A JUSTIÇA NA ELEIÇÃO
“Na reta final, a Justiça reentrou em cena, a três dias do pleito. Em pelo menos duas dezenas de instituições de ensino superior, numa dúzia de estados, fiscais dos tribunais eleitorais apreenderam faixas e panfletos. Os juízes argumentaram que havia propaganda ilícita em dependências públicas. Na Universidade Federal de Campina Grande, recolheram na associação dos docentes cópias do “Manifesto em defesa da democracia e da universidade pública”. Na uff, no prédio da Faculdade de Direito, desafixaram uma bandeira com a inscrição “antifascista”. A juíza que ordenou a ação escreveu que a bandeira “possuiria conteúdo de propaganda negativa” contra Bolsonaro. No sábado, a ministra Cármen Lúcia suspendeu a repressão nas universidades. Ponderou que, “sem liberdade de manifestação, a escolha é inexistente. […] O processo eleitoral transforma-se em enquadramento eleitoral, próprio das ditaduras”. Na véspera, o tse atendera pedido de Bolsonaro para remover um vídeo crítico a ele em que crianças reproduzem frases repugnantes do candidato.”
USTRA, O ÍDOLO
“No discurso da derrota, Haddad disse que “a vida é feita de coragem”. Em seu primeiro pronunciamento como eleito, na internet, Bolsonaro afirmou que “não poderíamos mais continuar flertando com o socialismo, com o comunismo e com o populismo e com o extremismo da esquerda”. Ele será o oitavo presidente pós-ditadura.

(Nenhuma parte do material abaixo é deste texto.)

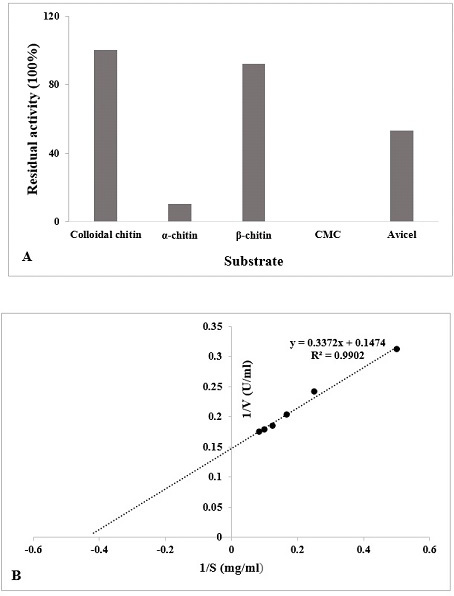 Fig. 8.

O segundo, eleito diretamente, a ter apoiado o regime de 1964 (o pioneiro foi Collor). O primeiro capitão a governar o país (antes houve marechal, general e, em juntas, almirante e brigadeiro). No meio da multidão que se aglomerou diante do condomínio onde o deputado mora distinguiu-se a bandeira “Ustra vive!”